Homework 2: Train and evaluate a classifier on your own images | CS 344 Spring 2022 at Calvin University

Goal

In this assignment, you will train and evaluate your own image classifier using fastai.

Completing this homework will give you practice

Working with image datasets
Training image classifiers
Evaluating image classifiers
Explaining your decisions and their possible consequences.

Instructions

Do this assignment individually. You may help each other, but use Piazza so all benefit.

Pick two buildings on campus. Make a classifier that distinguishes photos of one from photos of the other.

Take your own photos; don’t use photos from the Internet.
Please avoid recognizable images of people.

You will need to organize your photos into a dataset. I suggest:

Name photos like NorthHall_3.jpg.
Place all your photos in a folder for each building. So an image will actually be at NorthHall/NorthHall_3.jpg. (This way it’s easy to rename buildings.)

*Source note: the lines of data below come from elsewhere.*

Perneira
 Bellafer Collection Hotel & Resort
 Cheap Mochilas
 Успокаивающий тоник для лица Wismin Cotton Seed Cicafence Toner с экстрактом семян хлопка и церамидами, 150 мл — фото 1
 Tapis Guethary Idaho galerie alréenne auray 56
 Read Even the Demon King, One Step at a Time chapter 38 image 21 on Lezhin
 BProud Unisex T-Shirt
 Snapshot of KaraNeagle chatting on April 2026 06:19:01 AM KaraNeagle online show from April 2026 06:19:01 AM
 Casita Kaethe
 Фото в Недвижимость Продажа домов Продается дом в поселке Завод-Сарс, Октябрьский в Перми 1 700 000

Submit a Jupyter Notebook reporting your findings on Moodle. In addition to the code needed, include answers to these questions:

How accurate is your classifier? Report your answer as a range (lower to upper) of expected accuracy values.
What sort of mistakes did it make? Why do you think it may have made those mistakes?
How many images do you need to get good accuracy? (Try your classifier on fewer images.)
What choices did you have to make in the process of collecting data, processing it, and analyzing the results?
- What are one or two choices that you could have made differently?
- What do you expect would be different if you made that different choice?

Tips:

Chapter 2 has some helpful low-level code for constructing an ImageDataLoader. Alternatively, use ImageDataLoaders.from_path_func(..., label_func=parent_label, bs=2).)
You can use the same techniques you used in Lab 2 to evaluate the classifier. See chapter 2 for examples of how to make a confusion matrix and plot top losses (and Resources here for a bugfix for plot_top_losses.)
You probably need to set the batch size to be smaller than the default (which is 64 images). Do this by passing bs=2 as a keyword parameter to your ImageDataLoader.
Like in Lab 2, just hard-code the accuracy values you get from multiple different seeds.
Visualize things:
- What does one batch of your DataLoader look like?
- What do the predictions of your classifier look like?
- What does the confusion matrix look like?
- refer to Chapter 2 for the code for these.
Note that from_name_func fails silently with parent_label. (It should throw an exception. I submitted this bug to propose that it does.) Use from_path_func instead if you want to use that approach.

Submission

Upload only your ipynb file to Moodle, not the image files.

Guidance:

Include all the code needed to get one accuracy number.
Don’t try to show the results of every model you trained, but do make a single cell to change numbers for any aspects you varied (e.g., the seed, how many images you used)
Don’t include extraneous code (like the pip code to check the environment, or the batch practice from Lab 2)
Use Markdown cells, not code comments, to report results.

Common Dataset

Please contribute your photos to this folder in our class Team. Make a new folder with your username. Upload your two folders into it. (Drag and drop should work.)